Because of their race, zip code and gender data, individuals living in poverty are denied opportunities, targeted more heavily by unscrupulous financial vendors looking to exploit vulnerable populations with advertisements of fake debt relief services and counterfeit loan programs, and charged higher prices for goods and services on these platforms compared to their affluent counterparts who live in “wealthier” zip codes.
Since they often rely on mobile devices as their primary source of internet connectivity, low-income communities are disproportionately subject to malicious surveillance practices like cell-site simulators, in-store tracking and cross-device monitoring. With social media platforms accelerating the rate at which individuals can post on mobile, content is easier than ever to upload, but harder than ever to control. I’ve been using Facebook since the 11th grade, and I can post a status or picture within seconds. When it comes to restricting Facebook’s privacy settings, it’s a lengthy multiclick process that is significantly harder on mobile devices, leading to the abandonment of restricting privacy altogether.
When it comes to determining employability, applicant tracking systems like HireVue have been endorsed by the Federal Trade Commission to identify “negative behavior” — whatever that means — when mining applicants’ social media data. I’m not sure when the last time poverty was associated with “positive behavior,” but this vague approval to exploit even more vaguely defined information economically excludes those categorized and filtered out as “at-risk populations,” who might not have profiles that are curated enough.

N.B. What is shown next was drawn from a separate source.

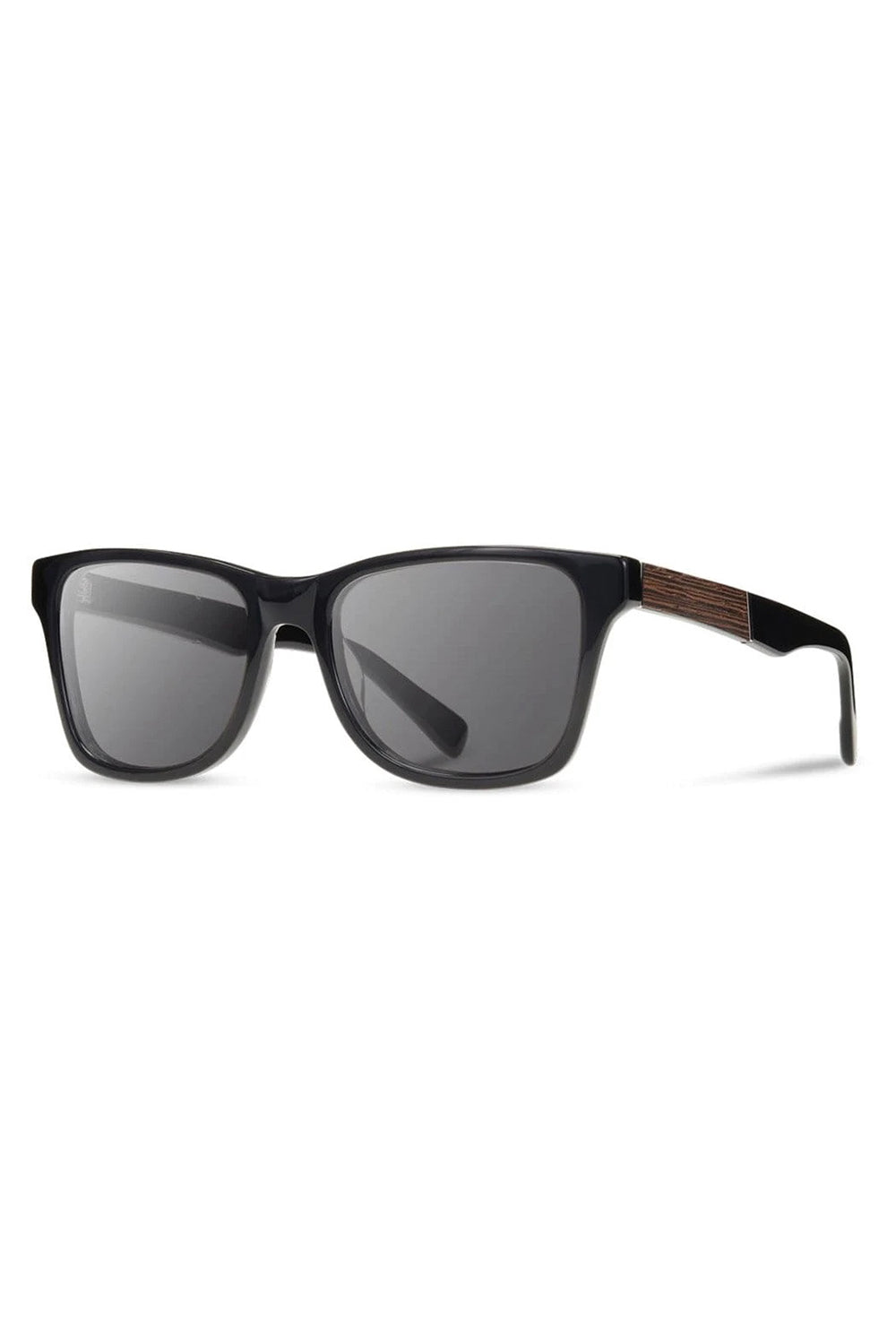 Shwood - Canby XL - Black/Ebony/Grey Polar - Profile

Mobile tracing, or covertly using spatial and temporal data points from mobile activity, using Stringrays has also led to hyperpolicing of segregated nonwhite, low-income communities. Mapped in Baltimore, Milwaukee and Tallahassee, law enforcement surveils and just waits for crime to happen, often creating pre-suspect lists that lead to collateral damage when acted upon. Predictive policing and threat scoring, often derivative of social media communications and online data, further the distrust and stress these communities experience.
Suggesting these communities should just discontinue their tech use to protect their privacy — when mobile phones are significantly cheaper than computers and imperative to connecting to people and applying to jobs — is ridiculous. Arguing that individuals living in poverty should self-regulate content they upload, thus waiving the necessary substantive regulation to terminate discrimination, is also ridiculous. We need to stop personifying poverty as the culmination of poor decision-making by an individual and start acknowledging it as a systemic issue. Instead of promoting these ideologies that contribute to an obscene amount of privacy violations and the continued dehumanization of those in poverty, we can start with simplifying privacy policies, allowing low-income individuals to “opt in” to policy decisions and addressing the “terms and conditions” that have cultivated a position of disadvantage in the first place.